When you return the data, keep every word exact and include none of the images.

• SOURCE MATERIAL:
● ● ● ● ●
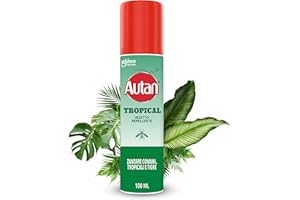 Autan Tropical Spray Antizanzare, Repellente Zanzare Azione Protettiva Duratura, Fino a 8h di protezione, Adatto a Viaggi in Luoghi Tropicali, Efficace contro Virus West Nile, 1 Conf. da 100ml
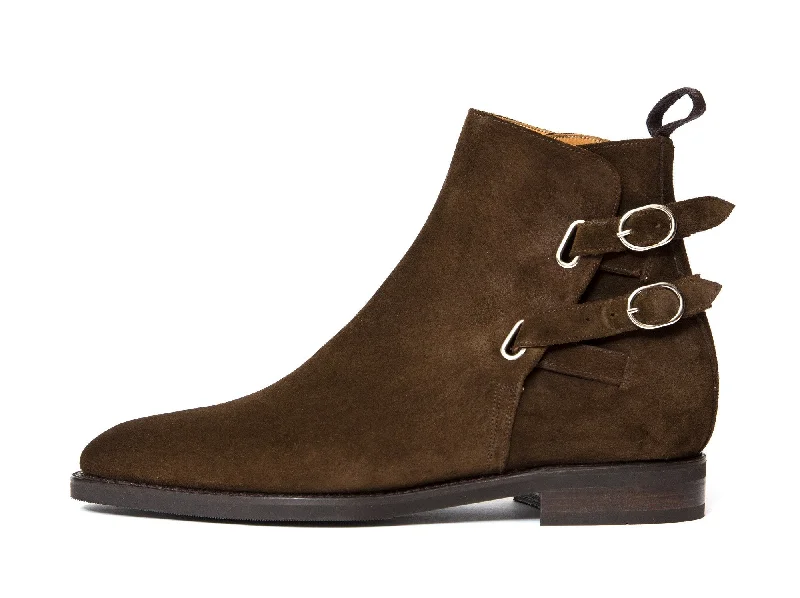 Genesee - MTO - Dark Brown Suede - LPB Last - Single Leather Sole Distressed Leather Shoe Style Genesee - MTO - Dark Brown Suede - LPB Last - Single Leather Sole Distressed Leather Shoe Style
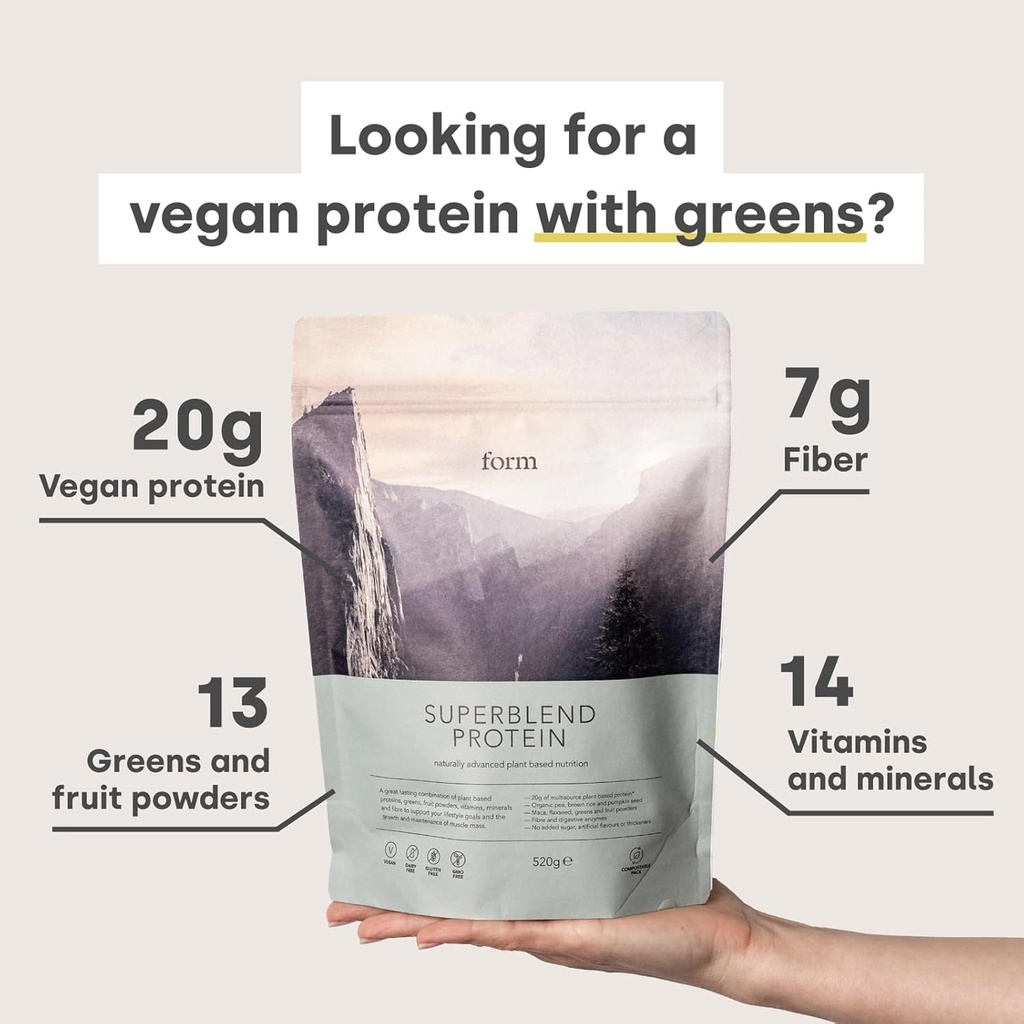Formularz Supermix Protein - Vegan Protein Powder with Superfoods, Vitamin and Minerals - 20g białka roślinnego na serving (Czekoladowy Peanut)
● ● ● ● ●
• REPLY TO THE EXERCISE:
 Autan Tropical Spray Antizanzare, Repellente Zanzare Azione Protettiva Duratura, Fino a 8h di protezione, Adatto a Viaggi in Luoghi Tropicali, Efficace contro Virus West Nile, 1 Conf. da 100ml
 Genesee - MTO - Dark Brown Suede - LPB Last - Single Leather Sole Distressed Leather Shoe Style Genesee - MTO - Dark Brown Suede - LPB Last - Single Leather Sole Distressed Leather Shoe Style
Formularz Supermix Protein - Vegan Protein Powder with Superfoods, Vitamin and Minerals - 20g białka roślinnego na serving (Czekoladowy Peanut)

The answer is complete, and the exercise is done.